**Task requirements**.
Give back only the lines in the records below from the one with "A close-up view" to the one with "Image of embroidered", both inclusive, word for word.

**Data under study**.
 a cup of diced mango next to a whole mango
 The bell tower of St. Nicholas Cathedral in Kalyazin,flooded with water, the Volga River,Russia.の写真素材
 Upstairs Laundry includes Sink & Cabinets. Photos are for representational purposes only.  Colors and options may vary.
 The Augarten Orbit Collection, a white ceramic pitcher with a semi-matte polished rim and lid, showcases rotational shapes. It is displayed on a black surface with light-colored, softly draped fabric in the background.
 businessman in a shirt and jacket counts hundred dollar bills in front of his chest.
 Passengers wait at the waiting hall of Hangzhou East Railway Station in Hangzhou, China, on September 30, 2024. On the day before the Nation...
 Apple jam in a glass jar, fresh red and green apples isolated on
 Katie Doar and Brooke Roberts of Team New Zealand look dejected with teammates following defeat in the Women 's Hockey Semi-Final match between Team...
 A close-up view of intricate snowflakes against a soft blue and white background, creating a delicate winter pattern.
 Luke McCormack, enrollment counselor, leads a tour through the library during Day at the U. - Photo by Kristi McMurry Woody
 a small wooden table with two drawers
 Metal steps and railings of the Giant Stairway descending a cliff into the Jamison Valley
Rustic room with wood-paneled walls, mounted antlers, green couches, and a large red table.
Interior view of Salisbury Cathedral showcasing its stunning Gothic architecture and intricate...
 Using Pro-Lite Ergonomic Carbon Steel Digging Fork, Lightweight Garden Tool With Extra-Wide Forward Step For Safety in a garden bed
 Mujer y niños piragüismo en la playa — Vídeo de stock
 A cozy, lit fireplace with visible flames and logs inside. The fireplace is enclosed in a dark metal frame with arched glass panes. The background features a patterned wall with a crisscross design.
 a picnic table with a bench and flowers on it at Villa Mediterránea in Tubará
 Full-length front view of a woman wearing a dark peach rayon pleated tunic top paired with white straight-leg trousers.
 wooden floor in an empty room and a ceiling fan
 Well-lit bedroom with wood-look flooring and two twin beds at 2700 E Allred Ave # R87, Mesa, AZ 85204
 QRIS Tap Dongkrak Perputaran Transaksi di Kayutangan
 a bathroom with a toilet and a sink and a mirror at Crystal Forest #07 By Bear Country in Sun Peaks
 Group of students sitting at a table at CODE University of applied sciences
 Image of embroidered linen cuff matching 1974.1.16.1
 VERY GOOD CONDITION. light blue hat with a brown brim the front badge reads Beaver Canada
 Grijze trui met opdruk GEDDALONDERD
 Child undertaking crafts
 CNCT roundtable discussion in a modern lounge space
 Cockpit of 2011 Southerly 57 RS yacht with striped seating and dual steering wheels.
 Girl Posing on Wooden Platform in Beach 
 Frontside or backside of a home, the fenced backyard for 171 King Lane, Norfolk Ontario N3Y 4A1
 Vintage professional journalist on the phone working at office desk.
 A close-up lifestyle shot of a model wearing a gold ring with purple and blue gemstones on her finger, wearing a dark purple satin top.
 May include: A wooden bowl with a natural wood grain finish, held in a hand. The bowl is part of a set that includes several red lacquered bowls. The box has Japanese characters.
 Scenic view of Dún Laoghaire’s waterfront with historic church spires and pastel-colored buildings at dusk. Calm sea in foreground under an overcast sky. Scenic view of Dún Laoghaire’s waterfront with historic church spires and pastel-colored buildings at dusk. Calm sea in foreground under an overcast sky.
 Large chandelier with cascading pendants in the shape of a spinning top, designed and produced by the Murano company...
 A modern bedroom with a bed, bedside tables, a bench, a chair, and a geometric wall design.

**Exercise output**.
 A close-up view of intricate snowflakes against a soft blue and white background, creating a delicate winter pattern.
 Luke McCormack, enrollment counselor, leads a tour through the library during Day at the U. - Photo by Kristi McMurry Woody
 a small wooden table with two drawers
 Metal steps and railings of the Giant Stairway descending a cliff into the Jamison Valley
Rustic room with wood-paneled walls, mounted antlers, green couches, and a large red table.
Interior view of Salisbury Cathedral showcasing its stunning Gothic architecture and intricate...
 Using Pro-Lite Ergonomic Carbon Steel Digging Fork, Lightweight Garden Tool With Extra-Wide Forward Step For Safety in a garden bed
 Mujer y niños piragüismo en la playa — Vídeo de stock
 A cozy, lit fireplace with visible flames and logs inside. The fireplace is enclosed in a dark metal frame with arched glass panes. The background features a patterned wall with a crisscross design.
 a picnic table with a bench and flowers on it at Villa Mediterránea in Tubará
 Full-length front view of a woman wearing a dark peach rayon pleated tunic top paired with white straight-leg trousers.
 wooden floor in an empty room and a ceiling fan
 Well-lit bedroom with wood-look flooring and two twin beds at 2700 E Allred Ave # R87, Mesa, AZ 85204
 QRIS Tap Dongkrak Perputaran Transaksi di Kayutangan
 a bathroom with a toilet and a sink and a mirror at Crystal Forest #07 By Bear Country in Sun Peaks
 Group of students sitting at a table at CODE University of applied sciences
 Image of embroidered linen cuff matching 1974.1.16.1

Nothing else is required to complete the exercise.